Un musicien tel que M. Auber, un maître dont aux yeux de l’Europe l’école française s’honore depuis près de quarante ans, l’auteur de la Muette, ne saurait produire une œuvre de cette dimension sans y marquer cependant çà et là l’empreinte de son individualité. Isis, Osiris et Bocchoris à part, et dès que vous consentez à laisser de côté l’intelligence de la grandeur d’un pareil sujet, qu’un génie de plus haute portée, Meyerbeer par exemple, eût voulu aborder sérieusement et de front, il est impossible de ne pas reconnaître ces qualités d’élégance et de distinction dans le tissu harmonique, cet art merveilleux des accompagnemens, et dans la combinaison sonore de tant de paillettes mélodieuses cette science exquise et toujours accessible, qui sont comme autant d’attributs inaliénables du talent de M. Auber. Sans doute la romance du vieux Ruben, au second acte, ne manque pas d’un certain pathétique ; les adieux de Jepthèle, au premier, ont une grace douce et mélancolique : tout cela est charmant, je l’avoue, mais déplacé. L’élévation elle-même de ce style, si haut qu’elle puisse atteindre, ne monte jamais au-delà de l’expression d’un sentiment d’opéra-comique. Je citerai tels couplets que chante Azaël, et qu’on croirait tirés de la Part du Diable. Au lieu de ce petit monde si coquet, si fleuri, si pomponné de Tircis et de Cidalises, vous imaginez-vous Watteau peignant les mystères de la théogonie égyptienne ! L’enchantement de la palette y sera ; mais qui prendra la chose au sérieux ? Personne ; je me trompe, lui peut-être.

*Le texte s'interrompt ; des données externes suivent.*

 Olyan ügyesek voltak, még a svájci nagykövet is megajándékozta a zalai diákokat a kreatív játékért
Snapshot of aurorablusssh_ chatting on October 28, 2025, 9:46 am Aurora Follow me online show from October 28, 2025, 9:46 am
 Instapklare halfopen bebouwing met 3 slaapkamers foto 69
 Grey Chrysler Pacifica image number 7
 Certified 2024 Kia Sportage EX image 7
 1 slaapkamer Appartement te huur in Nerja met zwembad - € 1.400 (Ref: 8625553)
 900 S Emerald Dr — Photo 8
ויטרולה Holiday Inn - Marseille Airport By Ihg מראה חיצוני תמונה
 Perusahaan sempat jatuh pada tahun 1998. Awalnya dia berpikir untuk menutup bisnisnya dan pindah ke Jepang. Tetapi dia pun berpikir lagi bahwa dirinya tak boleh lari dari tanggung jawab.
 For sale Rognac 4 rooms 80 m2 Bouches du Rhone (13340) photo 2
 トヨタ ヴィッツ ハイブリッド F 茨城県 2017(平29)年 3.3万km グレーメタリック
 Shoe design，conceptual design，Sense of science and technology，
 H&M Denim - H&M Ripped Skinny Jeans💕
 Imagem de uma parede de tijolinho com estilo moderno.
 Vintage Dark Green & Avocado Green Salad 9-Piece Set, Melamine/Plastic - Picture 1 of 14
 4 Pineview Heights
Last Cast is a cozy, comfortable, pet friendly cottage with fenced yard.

Musique de vieillard, disait-on autour de moi : erreur ! Citerait-on beaucoup de vieillards capables d’écrire cette bacchanale du troisième acte, et ces inépuisables airs de danse dont la chaîne ne finit pas ; ces ballets où tant de verve éclate, une inspiration épuisée par l’âge les eût-elle produits ? Ce que je reproche au contraire à cette musique, c’est son intempestive jeunesse et sa tapageuse surexcitation ; ce que je lui reproche, c’est son entrain de bal masqué. Musard dans le sanctuaire d’Isis, l’idée peut avoir du piquant ; mais j’eusse mieux aimé pour M. Auber et pour sa gloire qu’il en eût laissé à M. Scribe seul le mérite de l’exécution. — Remarquerai-je encore la puérilité de certains moyens mis en œuvre pour provoquer les frémissemens du parterre : ces jeux d’harmonica qui, à la seule annonce d’un troupeau qui rentre, se mettent à vibrer dans l’orchestre, cet ophycléide dérisoire beuglant au beau milieu d’une marche sacerdotale comme pour vous ôter toute illusion sur la gravité de la scène et vous dire en si double bémol : Ce n’est pas le bœuf Apis qui passe, vous vous trompez, bonnes gens, c’est le bœuf gras !

Étrange et singulier contraste ! Tandis que poète et musicien semblaient se donner le mot pour travestir et parodier le sujet de leur composition, le décorateur seul prenait à cœur sa tâche et l’exécutait avec un sentiment de conviction.